[Opening GIVEN ENTRIES section]

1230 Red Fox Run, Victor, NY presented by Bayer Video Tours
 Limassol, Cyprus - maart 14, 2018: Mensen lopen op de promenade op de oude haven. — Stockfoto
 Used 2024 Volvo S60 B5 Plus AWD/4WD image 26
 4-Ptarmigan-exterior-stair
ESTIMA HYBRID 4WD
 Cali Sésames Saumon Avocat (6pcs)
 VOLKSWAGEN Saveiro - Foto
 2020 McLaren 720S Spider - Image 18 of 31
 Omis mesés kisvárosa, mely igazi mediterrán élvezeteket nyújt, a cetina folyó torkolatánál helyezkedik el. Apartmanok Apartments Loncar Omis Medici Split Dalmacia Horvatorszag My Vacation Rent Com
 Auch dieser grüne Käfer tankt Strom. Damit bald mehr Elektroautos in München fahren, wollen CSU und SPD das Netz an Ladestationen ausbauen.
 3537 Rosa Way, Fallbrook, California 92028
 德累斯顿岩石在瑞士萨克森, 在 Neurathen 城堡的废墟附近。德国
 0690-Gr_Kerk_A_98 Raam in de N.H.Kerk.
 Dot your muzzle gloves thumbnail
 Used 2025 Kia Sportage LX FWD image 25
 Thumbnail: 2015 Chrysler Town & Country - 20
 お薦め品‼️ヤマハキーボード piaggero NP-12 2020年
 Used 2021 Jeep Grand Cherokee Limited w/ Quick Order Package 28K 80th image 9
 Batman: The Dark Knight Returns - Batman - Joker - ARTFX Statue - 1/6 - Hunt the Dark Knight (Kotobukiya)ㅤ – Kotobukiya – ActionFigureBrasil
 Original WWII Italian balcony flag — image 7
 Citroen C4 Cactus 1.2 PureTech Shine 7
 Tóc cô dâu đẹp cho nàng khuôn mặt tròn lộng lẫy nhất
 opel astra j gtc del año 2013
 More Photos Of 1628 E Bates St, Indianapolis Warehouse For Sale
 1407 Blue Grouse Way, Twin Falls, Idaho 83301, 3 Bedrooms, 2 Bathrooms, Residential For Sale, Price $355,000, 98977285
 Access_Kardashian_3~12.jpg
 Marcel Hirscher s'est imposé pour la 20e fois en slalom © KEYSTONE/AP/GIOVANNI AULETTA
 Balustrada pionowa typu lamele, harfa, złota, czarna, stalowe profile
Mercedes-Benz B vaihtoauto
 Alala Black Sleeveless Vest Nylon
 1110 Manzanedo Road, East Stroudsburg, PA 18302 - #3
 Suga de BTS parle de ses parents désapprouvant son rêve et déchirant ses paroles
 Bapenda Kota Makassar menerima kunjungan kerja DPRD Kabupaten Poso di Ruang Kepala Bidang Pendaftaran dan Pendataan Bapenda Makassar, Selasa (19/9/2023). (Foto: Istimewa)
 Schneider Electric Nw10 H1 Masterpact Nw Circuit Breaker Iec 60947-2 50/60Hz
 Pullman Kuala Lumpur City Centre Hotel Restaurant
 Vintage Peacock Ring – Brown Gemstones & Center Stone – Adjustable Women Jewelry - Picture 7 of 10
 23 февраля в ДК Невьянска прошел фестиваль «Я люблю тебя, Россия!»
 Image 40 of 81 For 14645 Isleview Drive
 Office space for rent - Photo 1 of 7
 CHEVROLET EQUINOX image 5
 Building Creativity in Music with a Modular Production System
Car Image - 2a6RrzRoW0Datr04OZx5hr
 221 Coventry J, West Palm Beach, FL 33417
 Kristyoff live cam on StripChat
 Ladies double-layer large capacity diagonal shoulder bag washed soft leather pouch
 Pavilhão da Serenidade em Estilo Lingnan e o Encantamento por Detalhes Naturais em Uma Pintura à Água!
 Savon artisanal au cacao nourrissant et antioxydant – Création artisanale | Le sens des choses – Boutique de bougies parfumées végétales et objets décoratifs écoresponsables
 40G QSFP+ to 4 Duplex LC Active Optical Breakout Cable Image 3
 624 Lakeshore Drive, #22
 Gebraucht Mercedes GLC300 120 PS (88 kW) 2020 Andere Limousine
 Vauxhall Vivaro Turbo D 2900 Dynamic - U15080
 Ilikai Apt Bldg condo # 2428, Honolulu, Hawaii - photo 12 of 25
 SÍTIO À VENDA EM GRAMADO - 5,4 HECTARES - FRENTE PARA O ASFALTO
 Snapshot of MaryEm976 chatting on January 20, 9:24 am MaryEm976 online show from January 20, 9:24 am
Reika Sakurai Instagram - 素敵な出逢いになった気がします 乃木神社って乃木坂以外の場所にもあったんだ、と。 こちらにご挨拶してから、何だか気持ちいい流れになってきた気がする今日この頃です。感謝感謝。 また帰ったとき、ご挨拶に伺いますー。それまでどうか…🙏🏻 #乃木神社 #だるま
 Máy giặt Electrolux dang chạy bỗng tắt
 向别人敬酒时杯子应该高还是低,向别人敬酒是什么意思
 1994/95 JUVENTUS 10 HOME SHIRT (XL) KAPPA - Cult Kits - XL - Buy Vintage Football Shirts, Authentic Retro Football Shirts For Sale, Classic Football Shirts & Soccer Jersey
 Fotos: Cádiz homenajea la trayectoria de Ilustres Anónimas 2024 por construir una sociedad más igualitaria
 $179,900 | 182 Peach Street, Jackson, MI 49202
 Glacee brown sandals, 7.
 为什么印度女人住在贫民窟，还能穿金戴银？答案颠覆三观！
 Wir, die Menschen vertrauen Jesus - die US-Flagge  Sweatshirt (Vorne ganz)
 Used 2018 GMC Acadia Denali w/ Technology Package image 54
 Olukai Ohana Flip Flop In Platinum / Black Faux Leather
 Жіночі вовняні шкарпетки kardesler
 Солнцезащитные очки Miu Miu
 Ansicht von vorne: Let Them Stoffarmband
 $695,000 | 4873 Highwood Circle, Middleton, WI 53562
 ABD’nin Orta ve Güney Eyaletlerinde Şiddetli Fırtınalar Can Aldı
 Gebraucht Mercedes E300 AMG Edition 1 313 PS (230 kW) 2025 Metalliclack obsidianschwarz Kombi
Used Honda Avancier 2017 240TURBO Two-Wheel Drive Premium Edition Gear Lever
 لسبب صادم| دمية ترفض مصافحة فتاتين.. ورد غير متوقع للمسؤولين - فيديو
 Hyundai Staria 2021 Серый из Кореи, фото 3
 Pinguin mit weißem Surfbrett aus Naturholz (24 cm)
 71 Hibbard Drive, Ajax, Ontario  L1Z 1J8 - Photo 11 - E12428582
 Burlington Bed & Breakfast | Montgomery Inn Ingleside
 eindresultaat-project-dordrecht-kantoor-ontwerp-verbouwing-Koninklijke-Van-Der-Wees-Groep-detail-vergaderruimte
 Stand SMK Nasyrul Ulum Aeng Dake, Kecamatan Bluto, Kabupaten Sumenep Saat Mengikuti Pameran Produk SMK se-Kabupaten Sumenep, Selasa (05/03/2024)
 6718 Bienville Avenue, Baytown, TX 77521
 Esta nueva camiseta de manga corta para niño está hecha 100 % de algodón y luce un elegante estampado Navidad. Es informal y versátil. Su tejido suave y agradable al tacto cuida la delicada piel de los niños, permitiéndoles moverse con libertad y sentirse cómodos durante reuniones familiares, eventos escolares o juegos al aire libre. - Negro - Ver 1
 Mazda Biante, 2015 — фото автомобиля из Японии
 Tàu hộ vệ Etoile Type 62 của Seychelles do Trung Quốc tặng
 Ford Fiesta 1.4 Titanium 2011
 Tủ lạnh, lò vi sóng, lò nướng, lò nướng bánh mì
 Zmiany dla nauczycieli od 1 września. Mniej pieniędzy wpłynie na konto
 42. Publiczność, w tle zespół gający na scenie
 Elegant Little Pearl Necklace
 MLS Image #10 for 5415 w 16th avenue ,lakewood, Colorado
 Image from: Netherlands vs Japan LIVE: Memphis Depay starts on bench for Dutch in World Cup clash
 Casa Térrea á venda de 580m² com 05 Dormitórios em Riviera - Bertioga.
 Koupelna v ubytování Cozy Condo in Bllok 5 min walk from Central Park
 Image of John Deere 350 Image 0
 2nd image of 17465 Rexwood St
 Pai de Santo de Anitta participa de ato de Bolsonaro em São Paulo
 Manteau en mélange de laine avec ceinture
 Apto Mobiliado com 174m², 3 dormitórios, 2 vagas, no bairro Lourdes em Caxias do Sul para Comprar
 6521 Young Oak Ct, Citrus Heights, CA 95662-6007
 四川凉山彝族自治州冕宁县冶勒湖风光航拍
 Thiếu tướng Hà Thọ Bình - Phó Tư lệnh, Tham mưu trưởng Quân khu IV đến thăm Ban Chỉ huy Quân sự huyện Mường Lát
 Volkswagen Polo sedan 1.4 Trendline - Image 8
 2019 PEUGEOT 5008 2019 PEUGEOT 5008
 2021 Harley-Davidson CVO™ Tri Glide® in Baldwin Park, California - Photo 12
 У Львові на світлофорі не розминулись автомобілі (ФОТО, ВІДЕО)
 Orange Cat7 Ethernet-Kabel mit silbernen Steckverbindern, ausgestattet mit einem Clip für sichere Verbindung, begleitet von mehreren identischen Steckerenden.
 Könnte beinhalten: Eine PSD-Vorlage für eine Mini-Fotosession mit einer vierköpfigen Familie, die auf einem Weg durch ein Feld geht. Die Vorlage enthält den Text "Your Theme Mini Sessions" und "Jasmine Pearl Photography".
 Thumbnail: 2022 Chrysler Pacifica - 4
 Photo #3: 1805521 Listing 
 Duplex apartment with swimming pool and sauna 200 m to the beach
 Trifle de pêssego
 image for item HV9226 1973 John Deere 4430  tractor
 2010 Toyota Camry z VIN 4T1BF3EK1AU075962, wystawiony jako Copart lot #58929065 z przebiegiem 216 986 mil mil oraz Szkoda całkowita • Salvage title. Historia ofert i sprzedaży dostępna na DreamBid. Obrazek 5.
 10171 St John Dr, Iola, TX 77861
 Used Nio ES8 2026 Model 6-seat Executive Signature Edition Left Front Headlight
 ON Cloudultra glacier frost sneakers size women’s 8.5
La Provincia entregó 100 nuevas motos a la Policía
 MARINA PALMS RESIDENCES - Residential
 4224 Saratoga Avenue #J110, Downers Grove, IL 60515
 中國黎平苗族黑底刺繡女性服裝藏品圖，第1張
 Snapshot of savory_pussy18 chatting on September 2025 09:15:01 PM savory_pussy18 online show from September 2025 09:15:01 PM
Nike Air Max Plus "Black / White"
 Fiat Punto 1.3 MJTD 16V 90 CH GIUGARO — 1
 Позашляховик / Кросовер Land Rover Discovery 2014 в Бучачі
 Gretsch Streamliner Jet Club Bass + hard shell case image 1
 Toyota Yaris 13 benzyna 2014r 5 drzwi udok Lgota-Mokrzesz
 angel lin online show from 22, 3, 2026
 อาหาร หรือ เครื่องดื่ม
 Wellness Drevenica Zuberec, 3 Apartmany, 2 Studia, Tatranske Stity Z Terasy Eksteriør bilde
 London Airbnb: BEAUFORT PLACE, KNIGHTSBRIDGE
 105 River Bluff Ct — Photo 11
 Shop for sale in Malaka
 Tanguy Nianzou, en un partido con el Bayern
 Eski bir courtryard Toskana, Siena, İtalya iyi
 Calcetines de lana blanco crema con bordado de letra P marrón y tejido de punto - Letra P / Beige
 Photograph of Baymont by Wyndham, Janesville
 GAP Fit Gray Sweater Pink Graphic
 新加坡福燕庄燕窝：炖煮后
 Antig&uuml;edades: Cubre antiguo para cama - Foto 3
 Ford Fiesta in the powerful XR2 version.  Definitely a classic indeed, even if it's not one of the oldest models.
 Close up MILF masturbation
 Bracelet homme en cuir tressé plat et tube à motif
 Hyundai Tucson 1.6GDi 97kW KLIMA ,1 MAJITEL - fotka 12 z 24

[Closing GIVEN ENTRIES section]

• TASK GOAL
Begin with the line above that has "Savon artisanal au" and continue through the line that has "Used 2018 GMC", setting each one down exactly. Stop there.

• EXERCISE RESPONSE
 Savon artisanal au cacao nourrissant et antioxydant – Création artisanale | Le sens des choses – Boutique de bougies parfumées végétales et objets décoratifs écoresponsables
 40G QSFP+ to 4 Duplex LC Active Optical Breakout Cable Image 3
 624 Lakeshore Drive, #22
 Gebraucht Mercedes GLC300 120 PS (88 kW) 2020 Andere Limousine
 Vauxhall Vivaro Turbo D 2900 Dynamic - U15080
 Ilikai Apt Bldg condo # 2428, Honolulu, Hawaii - photo 12 of 25
 SÍTIO À VENDA EM GRAMADO - 5,4 HECTARES - FRENTE PARA O ASFALTO
 Snapshot of MaryEm976 chatting on January 20, 9:24 am MaryEm976 online show from January 20, 9:24 am
Reika Sakurai Instagram - 素敵な出逢いになった気がします 乃木神社って乃木坂以外の場所にもあったんだ、と。 こちらにご挨拶してから、何だか気持ちいい流れになってきた気がする今日この頃です。感謝感謝。 また帰ったとき、ご挨拶に伺いますー。それまでどうか…🙏🏻 #乃木神社 #だるま
 Máy giặt Electrolux dang chạy bỗng tắt
 向别人敬酒时杯子应该高还是低,向别人敬酒是什么意思
 1994/95 JUVENTUS 10 HOME SHIRT (XL) KAPPA - Cult Kits - XL - Buy Vintage Football Shirts, Authentic Retro Football Shirts For Sale, Classic Football Shirts & Soccer Jersey
 Fotos: Cádiz homenajea la trayectoria de Ilustres Anónimas 2024 por construir una sociedad más igualitaria
 $179,900 | 182 Peach Street, Jackson, MI 49202
 Glacee brown sandals, 7.
 为什么印度女人住在贫民窟，还能穿金戴银？答案颠覆三观！
 Wir, die Menschen vertrauen Jesus - die US-Flagge  Sweatshirt (Vorne ganz)
 Used 2018 GMC Acadia Denali w/ Technology Package image 54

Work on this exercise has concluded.